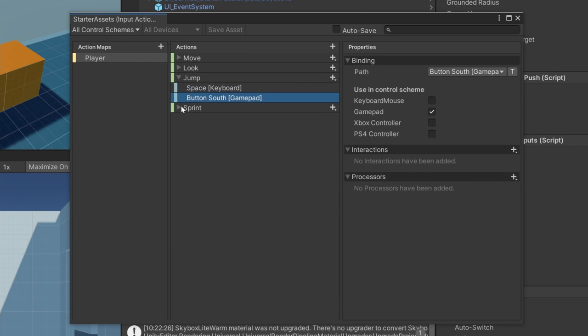The Starter Assets Input script actually manages the input — it reads values from the Player Input and stores them. The First Person Controller script then reads these values from the Starter Assets Input, so think of it as an input manager. The way it gets values is through the Send Messages behavior on the Player Input component, which calls certain functions — On Move, On Look, On Jump, On Sprint — on each component in the game object. I don't really like how this is done because it calls on every component. I'd recommend using Invoke Unity Events instead, so you can drag in your specific script and call only the function you want.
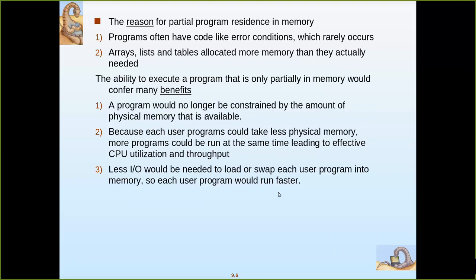What is the benefit of keeping only a partial program in memory? The program is no longer constrained by the amount of physical memory available. The user can build a program as large as needed — even bigger than main memory — and still execute it, which was not allowed in previous approaches where the program was restricted to main memory size.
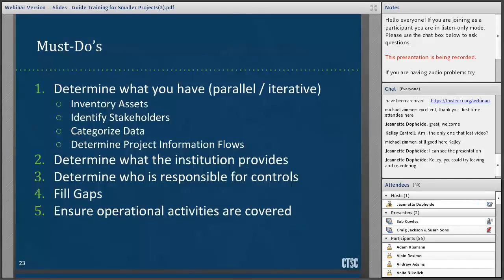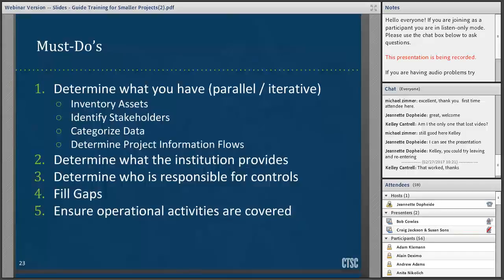Moving on to Section 4 with Bob Cowell and a checklist of must-dos. There are a number of things you need to do to make sure you're adequately covered in terms of cybersecurity. First, determine what you have. These steps will be somewhat iterative — as you go through them, you'll discover things and have to go back and revise. Once you know what you have, determine what your institution already provides, assign responsibility for various controls, and fill in any gaps.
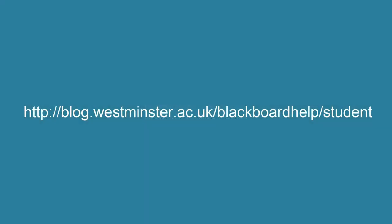For further resources on Blackboard, you can visit blog.westminster.ac.uk/blackboardhelp/student. Thanks for watching.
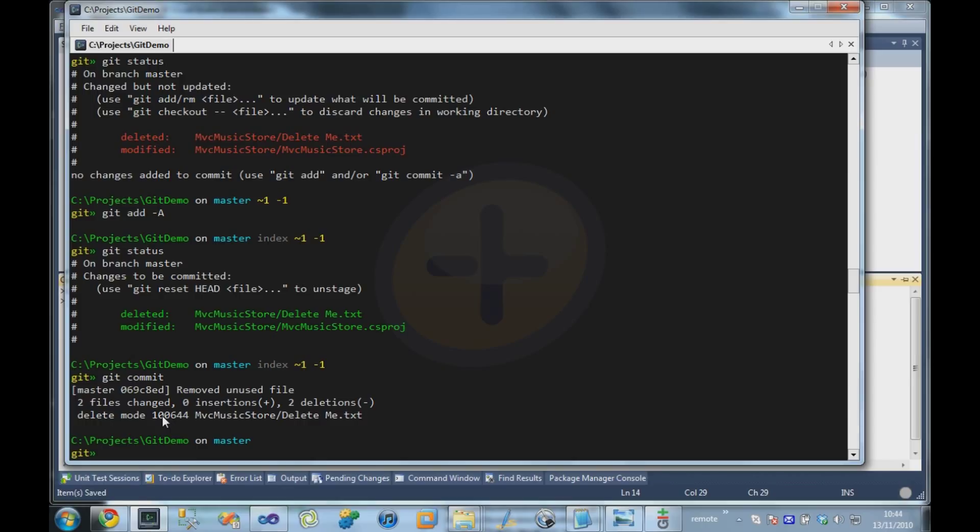Typically you set up a Git server, and the Git server software runs in a variety of different ways. For example, you can host it under an HTTP server. You can host it under SSH if you're running under Unix or Linux.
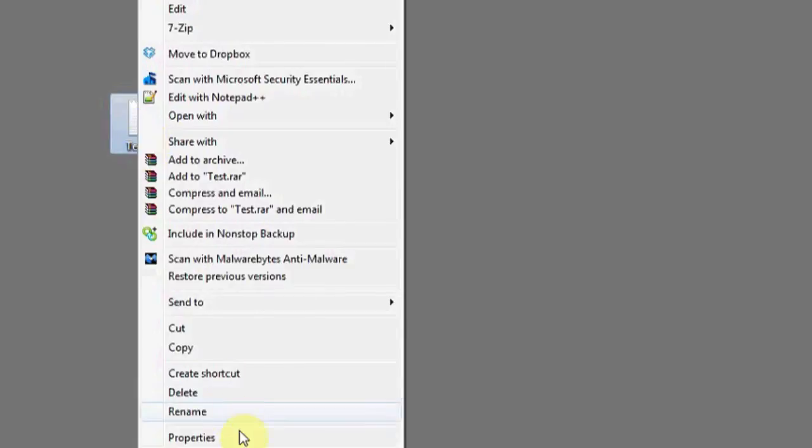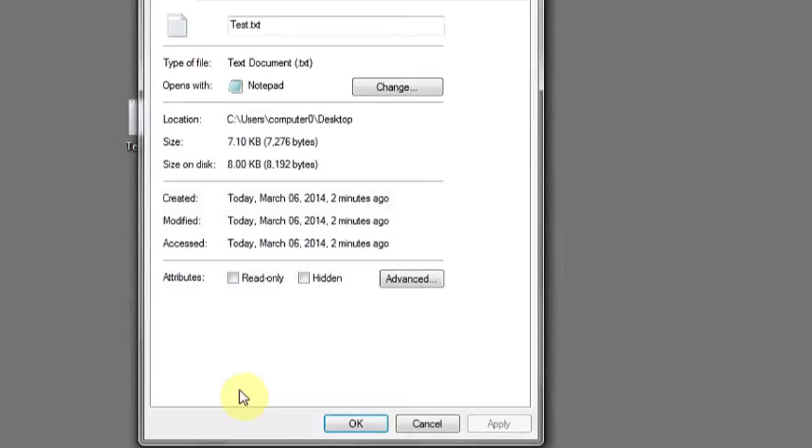If we right-click and look at the original file, we can see the size is 7.1 kilobytes, and the size on disk is 8 kilobytes. That's how much space it's taking up on the drive.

######

Exercise goal
Please print the line that contains "For further resources" along with every later line of the material, exactly, through the last one. Leave pictures out of the copy.

Solution for this exercise
For further resources on Blackboard, you can visit blog.westminster.ac.uk/blackboardhelp/student. Thanks for watching.
Typically you set up a Git server, and the Git server software runs in a variety of different ways. For example, you can host it under an HTTP server. You can host it under SSH if you're running under Unix or Linux.
If we right-click and look at the original file, we can see the size is 7.1 kilobytes, and the size on disk is 8 kilobytes. That's how much space it's taking up on the drive.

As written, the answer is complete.